Un obscur professeur d’informatique de l’université de Sidi Bel-Abbès, aidé d’un quarteron d’avocats, a saisi la justice dans le but de faire condamner pour « offense à l’Islam » le chercheur en islamologie Saïd Djabelkhir. Ce chercheur, textes à l’appui, démontre (et il n’est pas le seul) qu’un certain nombre de rituels religieux sont antérieurs à l’irruption de l’Islam et existaient déjà dans les religions polythéistes. C’est le cas du hadj, du ramadhan, de la circoncision, de la prière, etc. etc.
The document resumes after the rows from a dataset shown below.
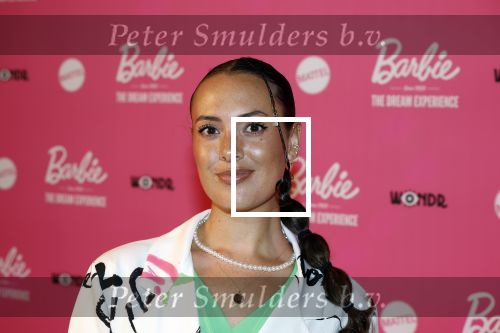 Amsterdam 10 september 2025
Opening Wondr Barbie in Amsterdam. Zoey Ivory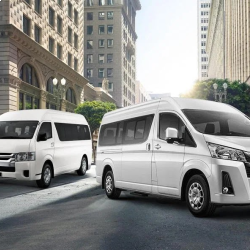 6- Hiace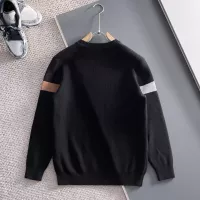 $56.00 USD Burberry Fashion Sweaters Long Sleeved For Men #1369802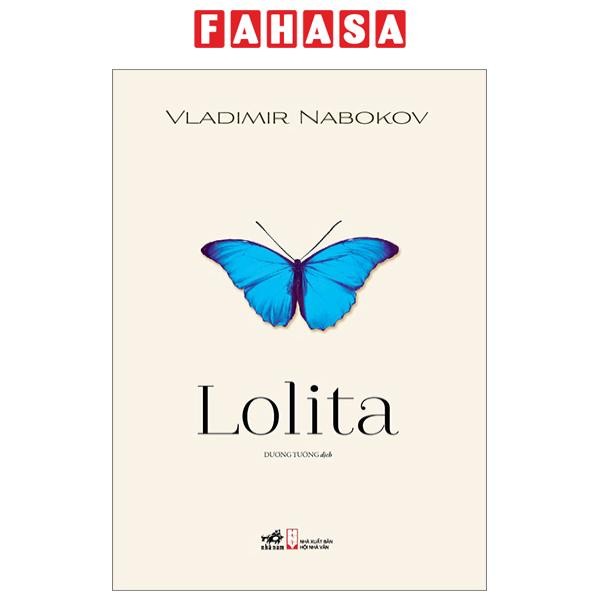 Sách Lolita (Tái Bản 2024)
Saïd Djabelkhir propose également une lecture du Coran au regard des avancées actuelles des sciences sociales comme l’ont fait avant lui les Ibn Rochd, les Arkoun, les Mohammad-Ali Amir-Moezzi et tant d’autres.
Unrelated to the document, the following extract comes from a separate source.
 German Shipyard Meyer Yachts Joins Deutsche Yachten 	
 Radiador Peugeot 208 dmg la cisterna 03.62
Par ailleurs, tout le monde sait que la lecture du coran, des hadiths et du droit religieux n’est pas chose aisée. Depuis l’avènement de l’Islam, les débats se sont multipliés dans le but d’avoir des éclairages sur les pages restées obscures ou polysémiques. On ne compte plus les chercheurs iraniens, égyptiens, européens et tant d’autres qui ont apporté des contributions innovantes sur les textes sacrés, toutes religions confondues.

Le scandale est que la justice algérienne connue pour être une « justice du téléphone », ne s’est jamais autosaisie pour les appels au meurtre des Naïma Salhi, Abdelfatah Hamadache et autres hurluberlus du même acabit. Les magistrats ont préféré, dans ces cas, faire une sourde oreille complice.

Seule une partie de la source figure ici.